**Exercise aim**
Could you give the data below again exactly, apart from the pictures?

Supplied information Start Marker

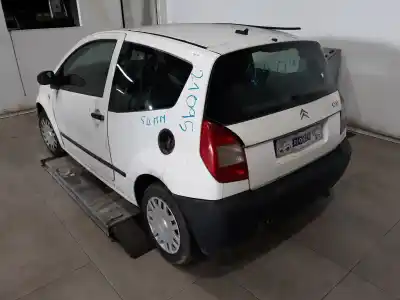 Veicolo di demolizione citroen c2 sx dell'anno 2003 alimentato 8hz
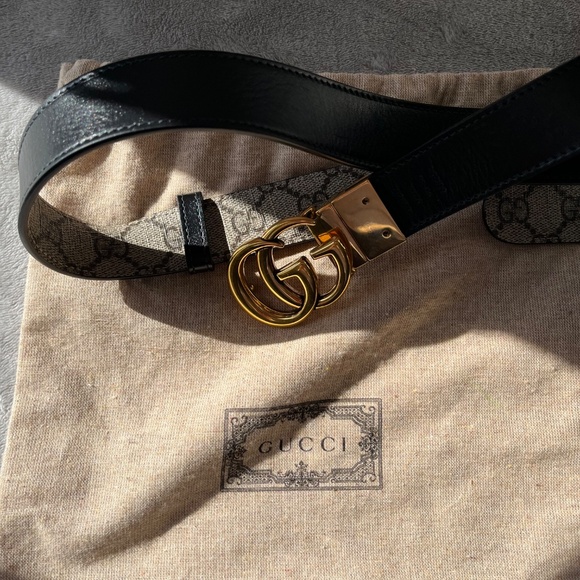 Gucci GG Marmont reversible belt with dust bag - Picture 7 of 7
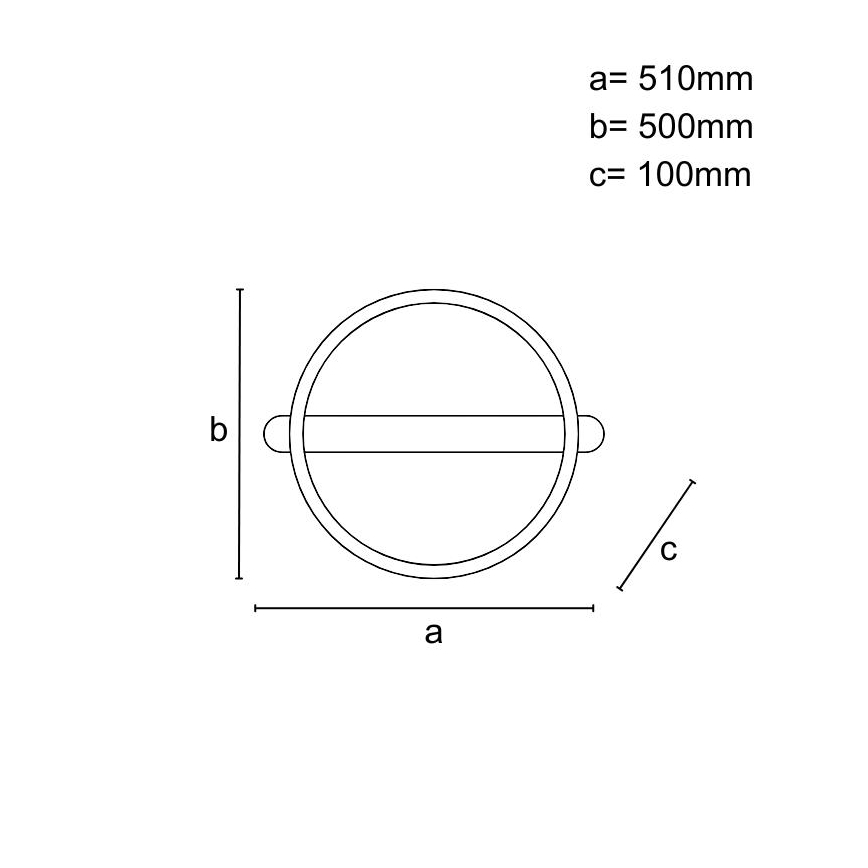 Plafonnier LED dimmable LED/60W/230V 3000-6500K + télécommande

Supplied information End Marker

**Reply**
 Veicolo di demolizione citroen c2 sx dell'anno 2003 alimentato 8hz
 Gucci GG Marmont reversible belt with dust bag - Picture 7 of 7
 Plafonnier LED dimmable LED/60W/230V 3000-6500K + télécommande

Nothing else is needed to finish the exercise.